This article first appeared in IMPO's September 2012 issue.

PlantPractices.jpgFounded in 1886 by an Italian immigrant, Gonnella Baking Company can trace its roots back to a humble beginning on DeKoven Street in what is now Chicago’s famed Loop neighborhood.

Still family-owned, Gonnella Baking Company now employs the family’s fourth generation. The company provides all major Chicago grocery chains with daily fresh bread deliveries, but the company’s real bread and butter is its contract baking business.

After purchasing a frozen pizza facility from H. J. Heinz Company in 1983, Gonnella expanded its product line beyond baked bread. Now, processing frozen product takes up a full 70 percent of Gonnella’s business.

A Bun In The Oven

Gonnella’s baking process in its Aurora facility is similar for all its baked products.

The process begins in the scaling area, where dry ingredients — including flour and minor ingredients — are measured according to client-set recipe specifications before being blown through a dry hopper.

The dry ingredients are then added to a mixer along with the recipe’s wet ingredients. Refrigerated jackets help to maintain dough temperature as dough is pumped onto a belt and conveyed to a dough rounder, which portions the dough into the appropriate size for the process application underway.

An intermediate proofing step allows the dough to relax before it is sent to the molder, which shapes the dough before baking.

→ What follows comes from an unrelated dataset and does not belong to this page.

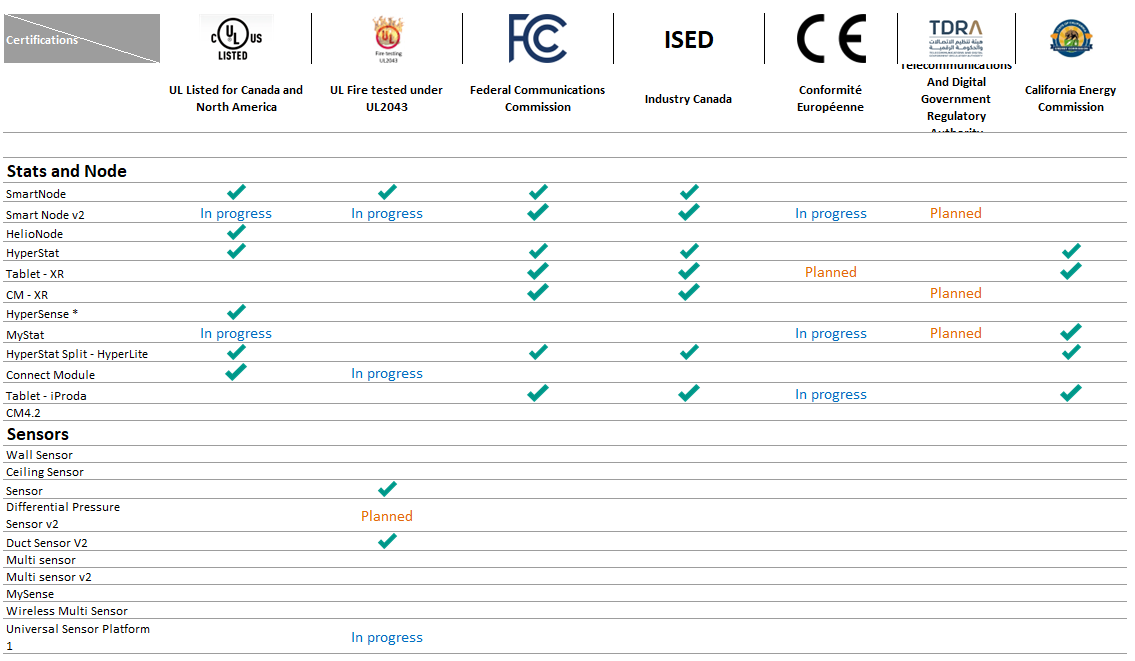 ClimaVision product certifications 9-15-25.png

The molded pieces of dough are put on pans, which are allowed to accumulate before being sent into a tray proofer for about an hour. The proofer has 120 shelves and provides a warm, moist environment in which the dough can rise.

After completing a proofing cycle, the pans of risen dough are sent to a water cutter, which makes rapid, precise cuts and is used to cut slices into buns or patterns into bread.

Pans are again accumulated and conveyed into a tunnel oven, which holds approximately 1,200 trays of buns at a time.

After completing the baking process, the trays are conveyed to a depanner, which uses suction to lift the bread from the pans. After the pans and bread are separated, the pans are “blown out” — a process used to remove any bread remnants from the pans — and sent to be cleaned and sanitized.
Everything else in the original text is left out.